Brasil vira exemplo por
enxergar oportunidades na sustentabilidade
Isaac
Edington
O Brasil
vê oportunidades no desenvolvimento sustentável. A afirmação foi feita
por Aris Vrettos, diretor do Programa de Liderança de
Sustentabilidade da Universidade de Cambridge, na Inglaterra, por meio do
artigo Lições do Brasil: a
sustentabilidade deve permitir que as pessoas alcancem suas ambições, publicado no blog de
negócios sustentáveis do jornal inglês The Guardian.
Segundo
Vretos, que esteve recentemente no Brasil para um evento da Confederação
Nacional das Empresas de Seguros Gerais, Previdência Privada e Vida, Saúde
Suplementar e Capitalização (CNseg), a agenda da sustentabilidade se
torna cada vez mais importante para os líderes empresariais que se sentem
responsáveis para com as suas comunidades e o país como um todo.
“Encontrei
brasileiros fazendo a coisa certa”, relatou Vrettos, ao citar exemplos como o
de Marco Antônio Rossi, CEO da Bradesco Seguros e presidente da CNseg, para
quem “o tema da sustentabilidade sempre é uma motivação”. O diretor
da Universidade de Cambridge lembrou também dos desafios que o Brasil
enfrenta, como as desigualdades sociais, problemas estruturais e manifestações
populares recentes às vésperas da Copa do Mundo e das Olimpíadas.
Segundo
ele, para muitos, o sonho brasileiro significa subir ter mais acesso a renda,
comprar um carro melhor ou enviar as crianças para escolas caras e protegidas
por um pequeno exército de agentes de segurança.
“Mas isto
não é necessariamente o futuro”, pontua Vrettos, ao citar o que ouviu em São
Paulo da ex-colega e documentarista Fernanda Polacow: “Essa não é a nossa visão
de uma vida melhor.
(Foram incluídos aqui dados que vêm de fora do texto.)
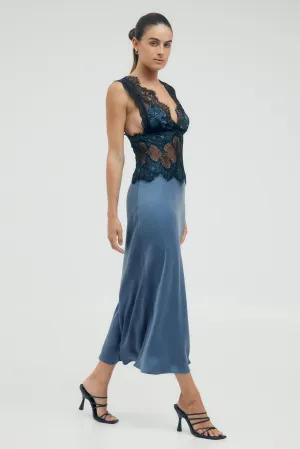 VISIONS LACE DEEP V MAXI DRESS | SAPPHIRE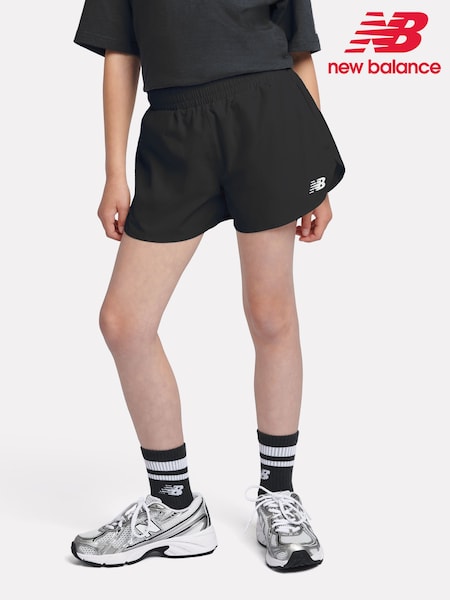 New Balance Black Kids Woven Shorts (F84764) | £35 - £42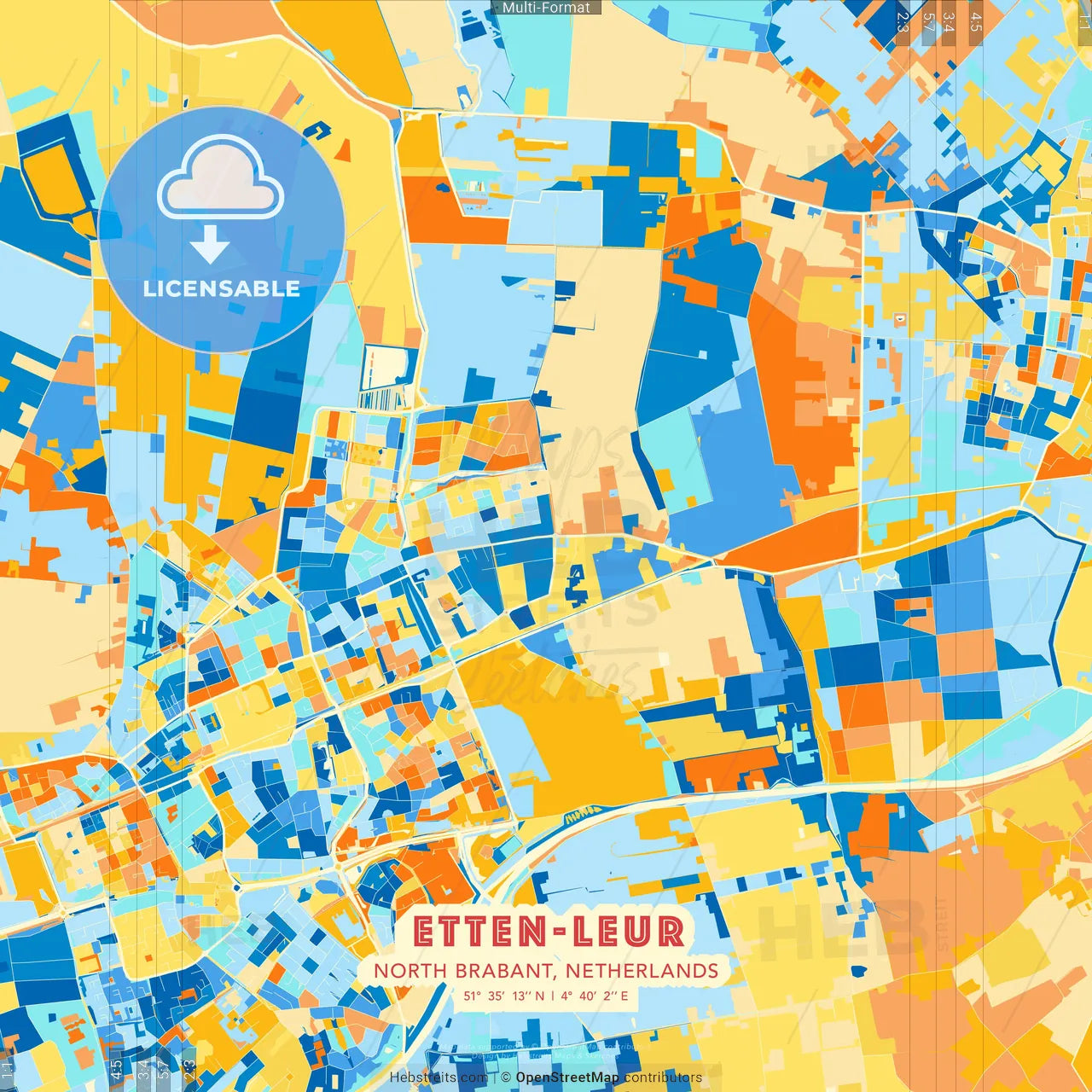 Etten-Leur, North Brabant, Netherlands blue and orange vector art map template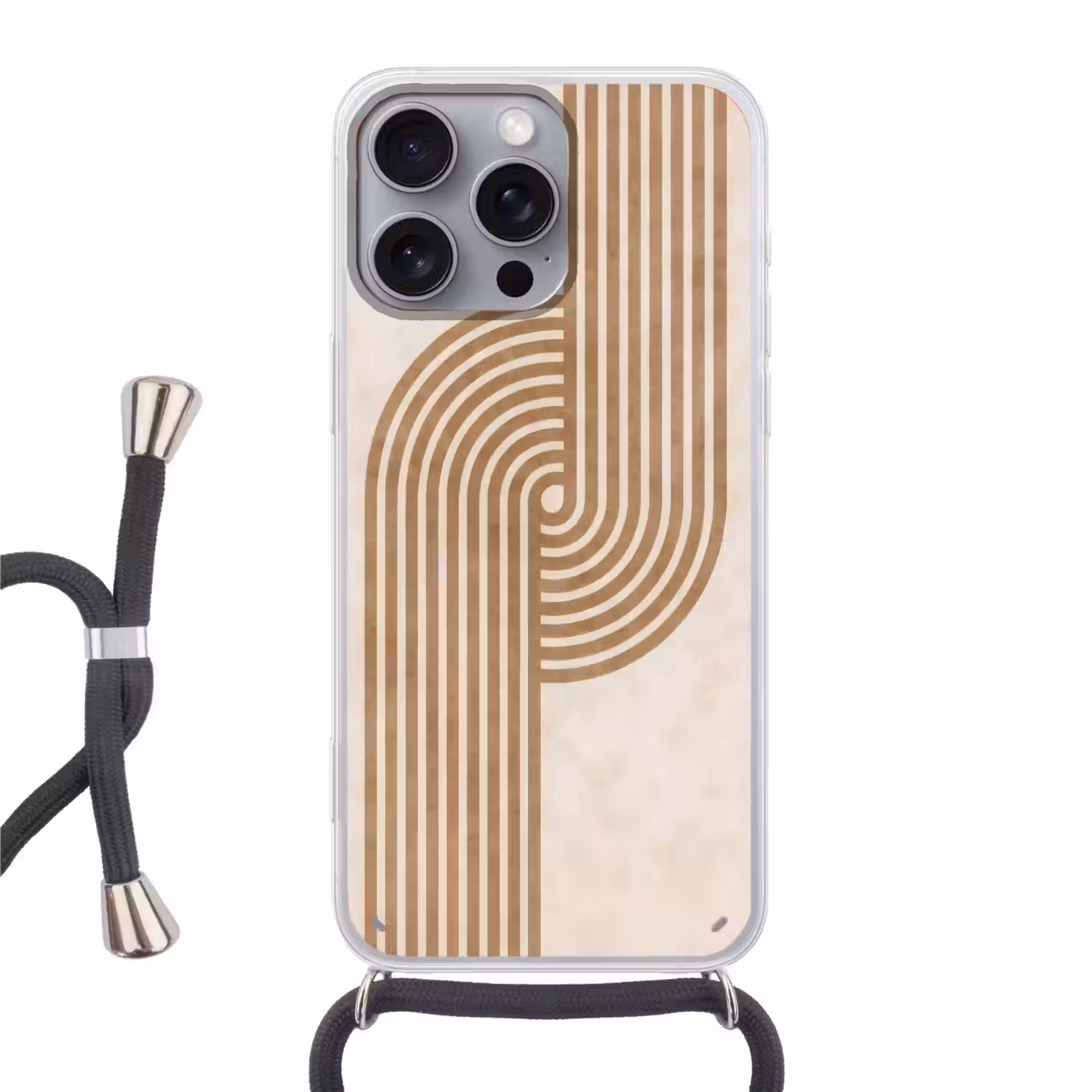 Symmetrische bocht - Koperkleurig Hoesje iPhone 16 Pro Max met koord klein -3d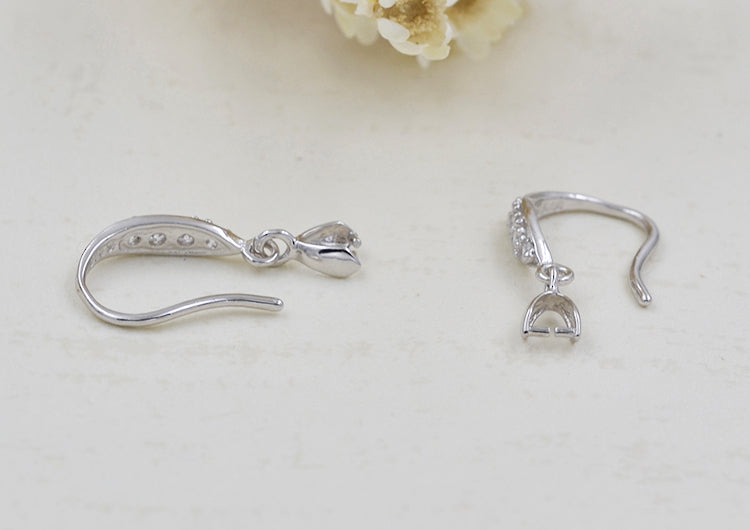 Boucles d'oreilles à crochet ornées de strass en argent Sterling, avec pince à glace, bélière S925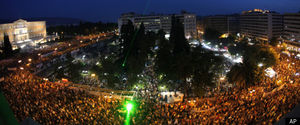 Click to enlarge Demonstrators gather Greece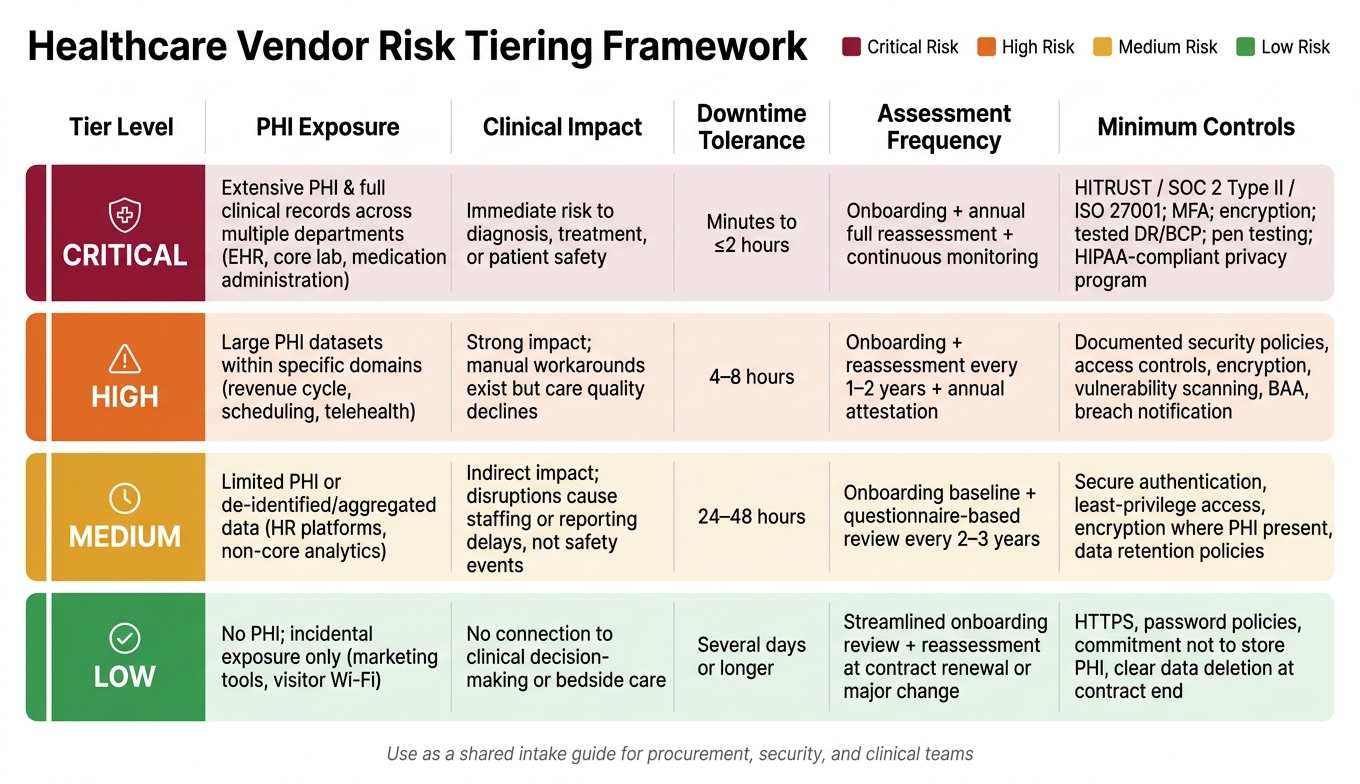 Healthcare Vendor Risk Tiering Framework: Critical to Low Risk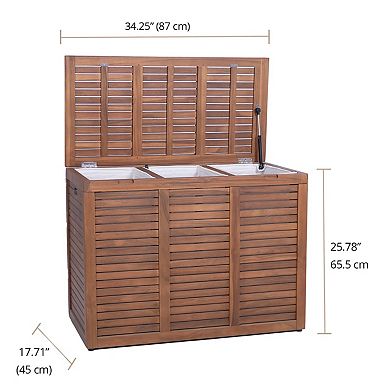 Spa Large-Size Triple Teak Laundry and Storage Hamper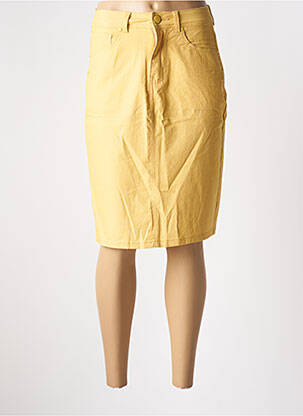Jupe mi-longue coupe droite jaune GRIFFON femme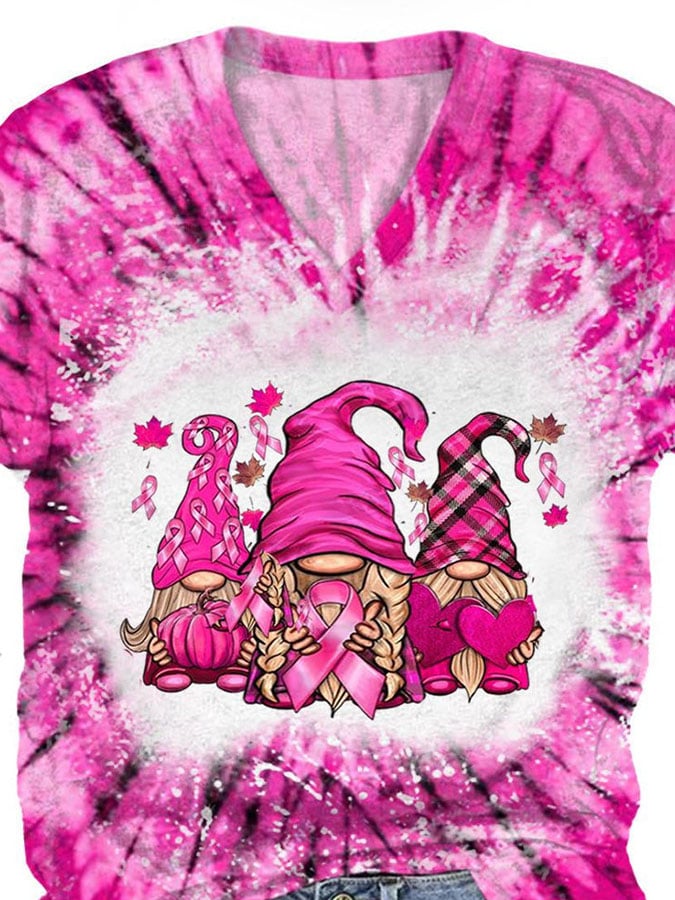 V-Neck Breast Cancer Awareness Tie Dye Gnomes Print T-Shirt
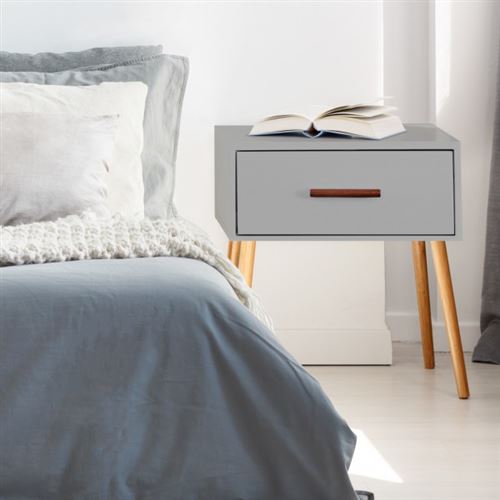 Maison Maligne Table de chevet Scandinave Blanche ou Grise MaisonMaligne Table de Chevet Scandinave Blanche ou Grise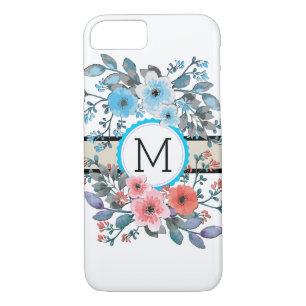 Monogram Vintag Floral Modernes Schlicht White #14 Case-Mate iPhone Hülle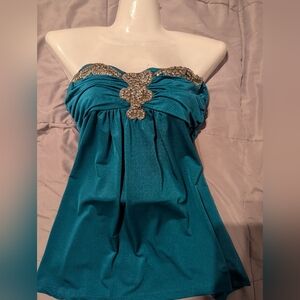 Aqua jeweled tube top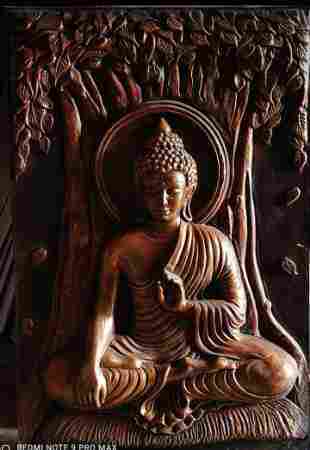4x3.5 Feet Handmade Resin Sitting Buddha Sculpture For Home & Temple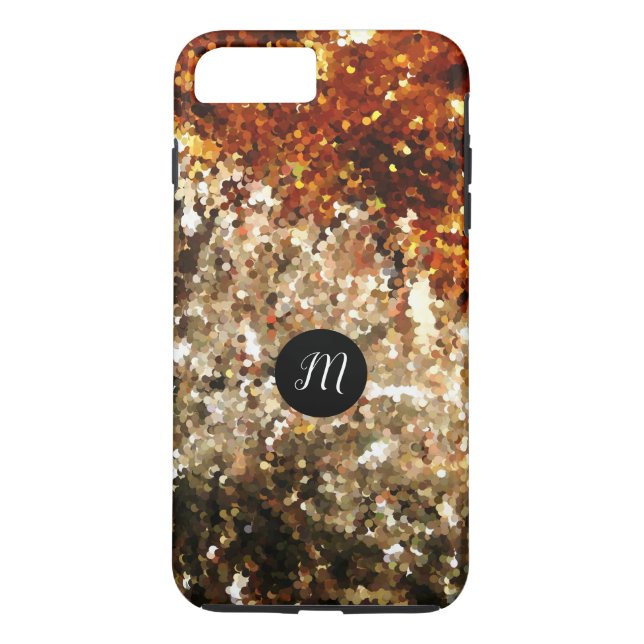 Capa Para iPhone, Case-Mate Glitter de ouro quico monograma (Verso)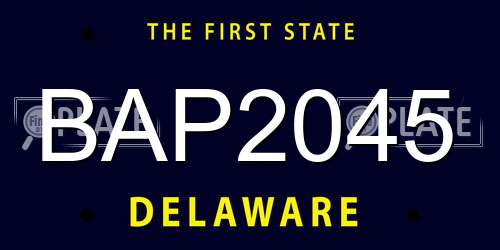 BAP2045 Delaware License Plate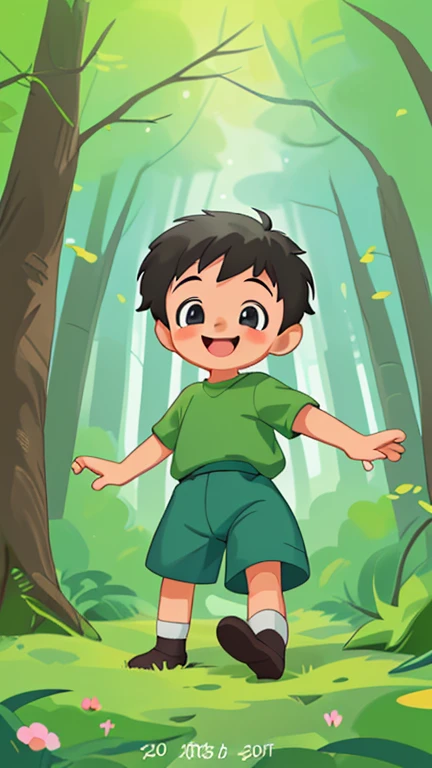 Happy boy and at forest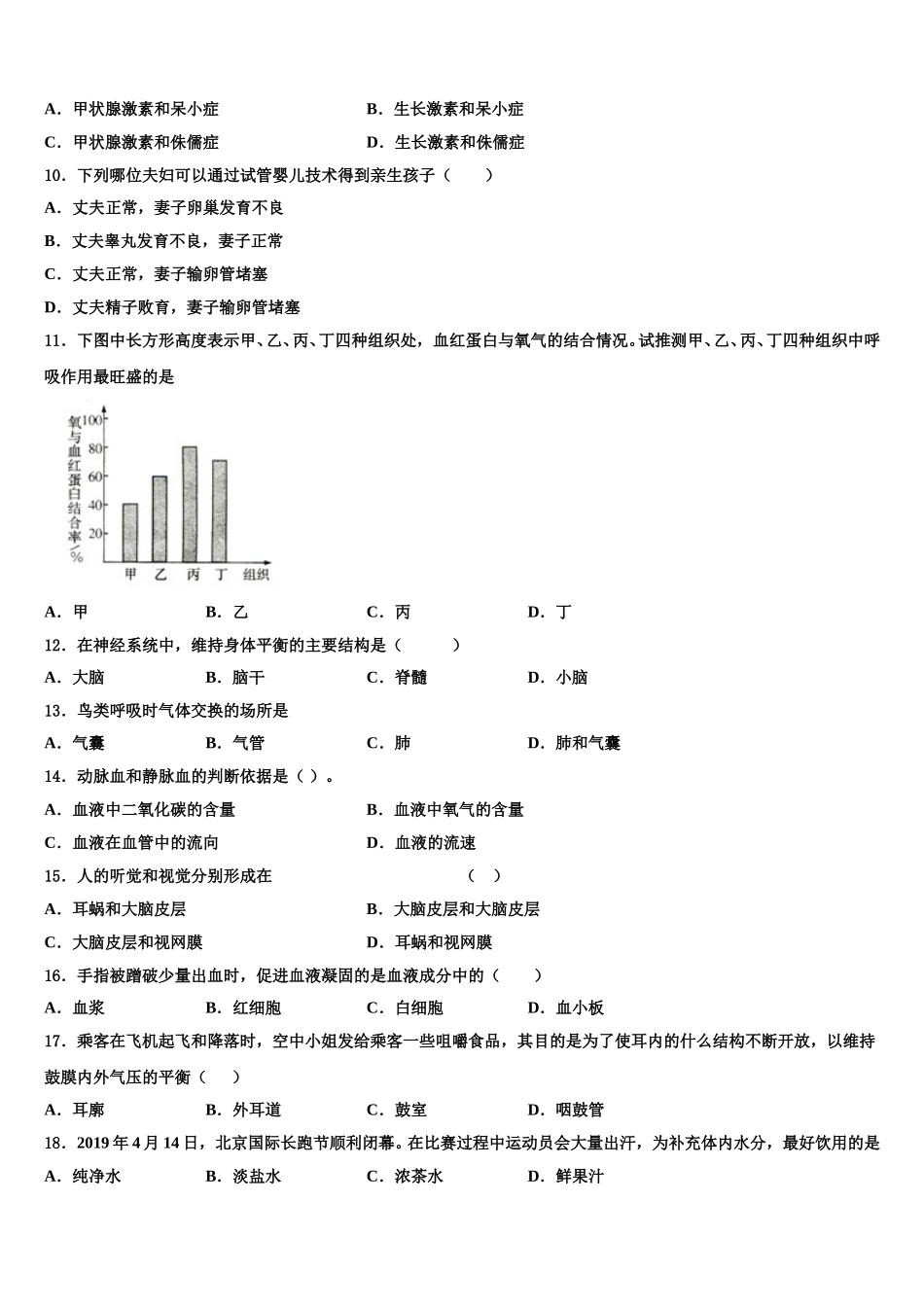 2025年重庆十八中学生物七年级第二学期期末质量跟踪监视试题含解析_第2页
Havia muitas pessoas que protestavam porque esta não é uma
aspiração sustentável.”
Lição dos
emergentes
Para
o diretor da Universidade de Cambridge, que em setembro deverá voltar ao
Brasil para lançar um programa de negócios sustentáveis, juntamente com
o Conselho Empresarial Brasileiro para o Desenvolvimento Sustentável
(CEBDS), os líderes brasileiros se destacam porque “arregaçam as mangas na hora
de fazer”, ao contrário de muitos colegas do chamado mundo desenvolvido.
“Muitos
líderes do pensamento sustentável tradicional, acostumados a altos padrões de
vida e a baixas taxas de crescimento, ficam desesperados com a falta de
progresso do mundo desenvolvido e apelam à rápida e radical dissociação ou
interrupção do crescimento econômico. Porém, nesta parte do mundo, a
sustentabilidade é para ser feita, não reprimida”, defendeu Vrettos.
“Devemos
fazer mais para entender o que um mundo melhor e mais sustentável significa em
diferentes lugares e como podemos chegar a ele para manter as pessoas produtivas
e felizes. Estes são conceitos em que os países em desenvolvimento são muito
bons – e podemos aprender com eles. Só para registrar: o Brasil venceu por 3 a
0″, concluiu Aris Vrettos, em alusão irônica ao artigo do The
Guardian publicado na véspera da final da Copa das Confederações, no
qual havia a previsão de que o sistema vencedor dos espanhóis poderia dar uma
lição a impulsividade do talento brasileiro.